TASK REQUIREMENTS: Leave out the pictures, and quote exactly the lines running from the one with "Order Reebok Speed" through the last line of the entries below.

Segment Start: DATASET

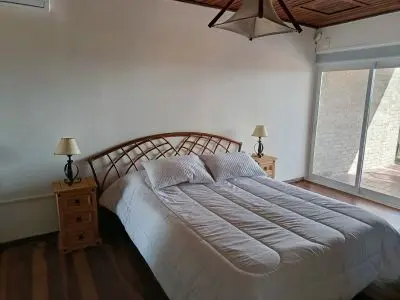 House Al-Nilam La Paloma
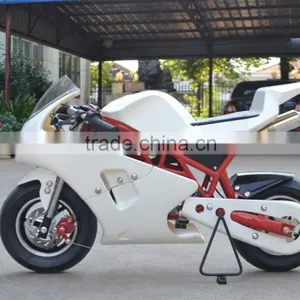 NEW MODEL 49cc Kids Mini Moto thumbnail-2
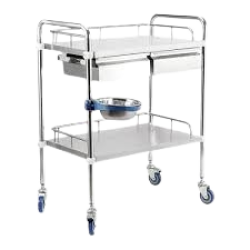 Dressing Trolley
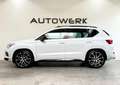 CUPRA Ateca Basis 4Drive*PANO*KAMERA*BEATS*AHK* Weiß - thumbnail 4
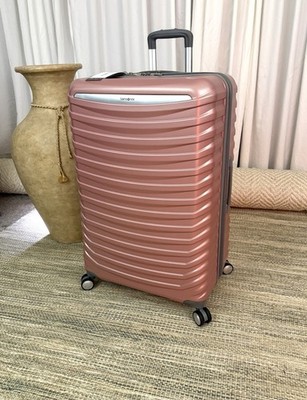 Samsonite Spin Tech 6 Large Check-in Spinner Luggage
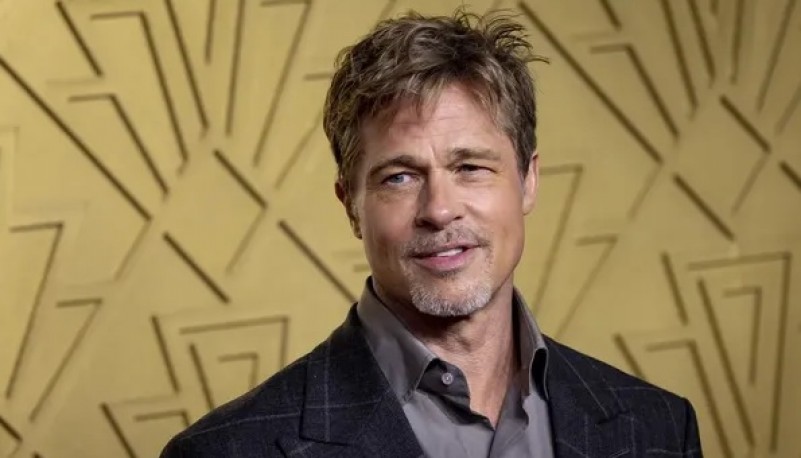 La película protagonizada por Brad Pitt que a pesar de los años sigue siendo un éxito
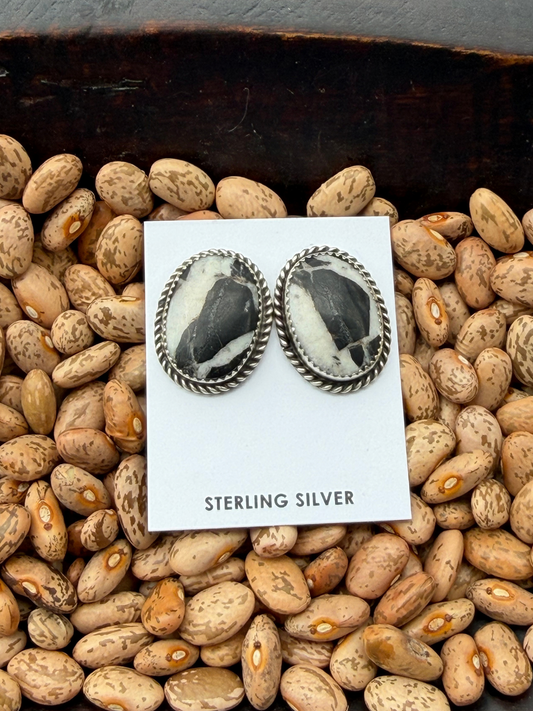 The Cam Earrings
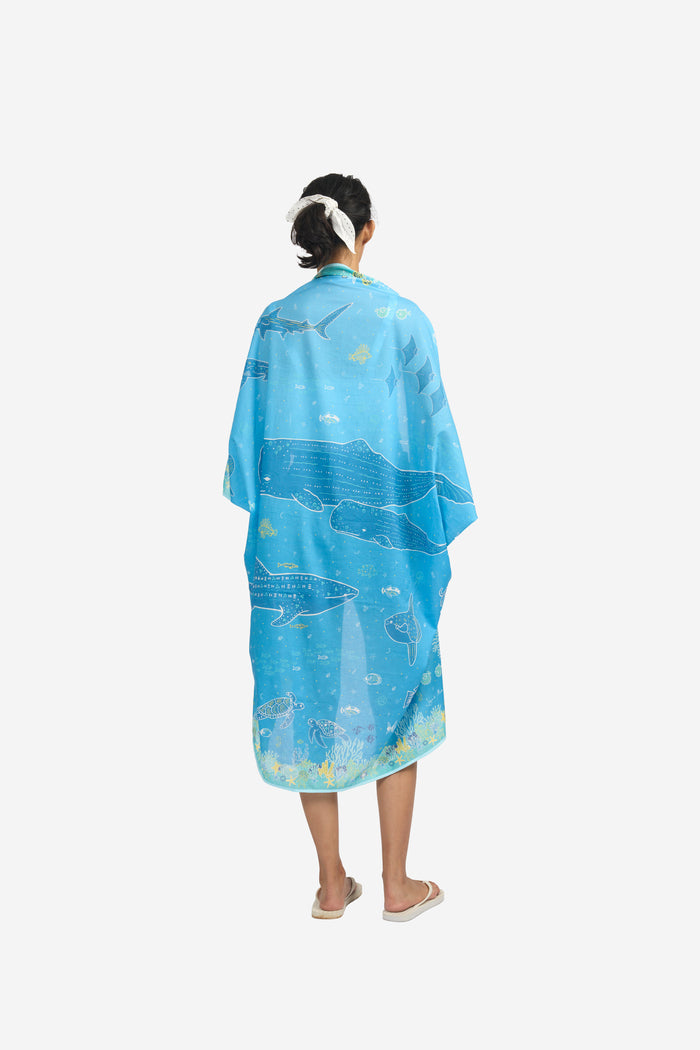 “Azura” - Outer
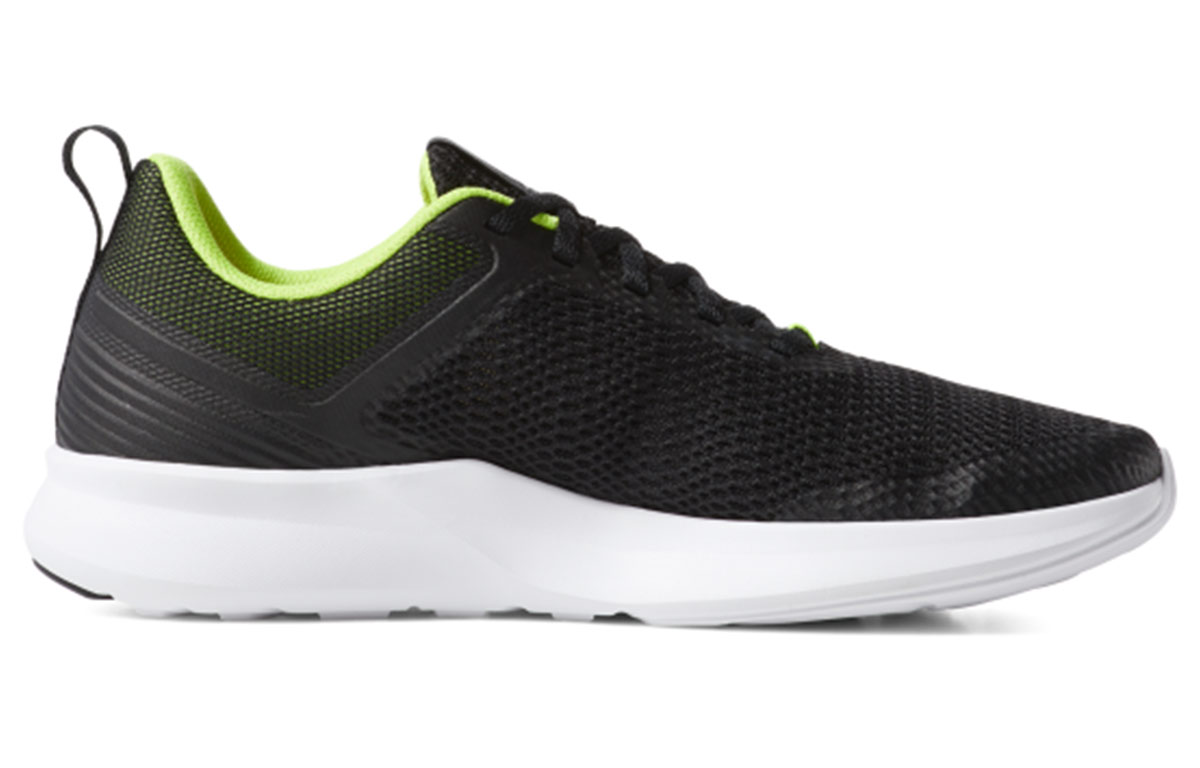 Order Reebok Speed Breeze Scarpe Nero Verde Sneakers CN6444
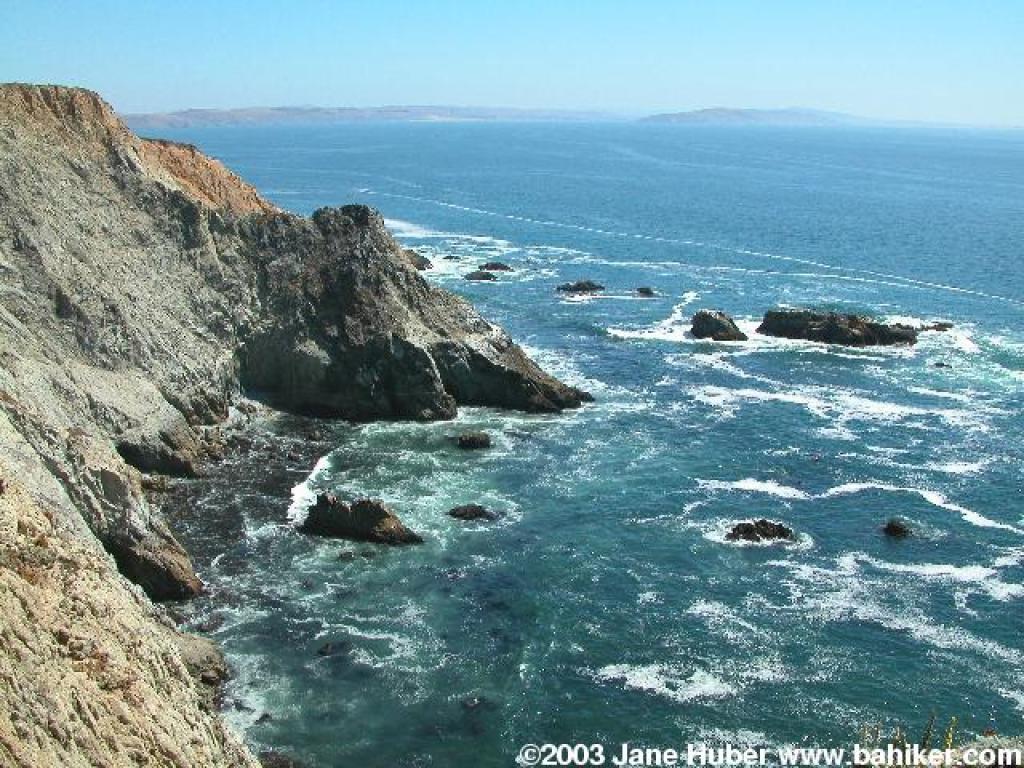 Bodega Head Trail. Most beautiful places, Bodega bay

Segment End: DATASET

RESPONSE TO THE EXERCISE:
 Order Reebok Speed Breeze Scarpe Nero Verde Sneakers CN6444
 Bodega Head Trail. Most beautiful places, Bodega bay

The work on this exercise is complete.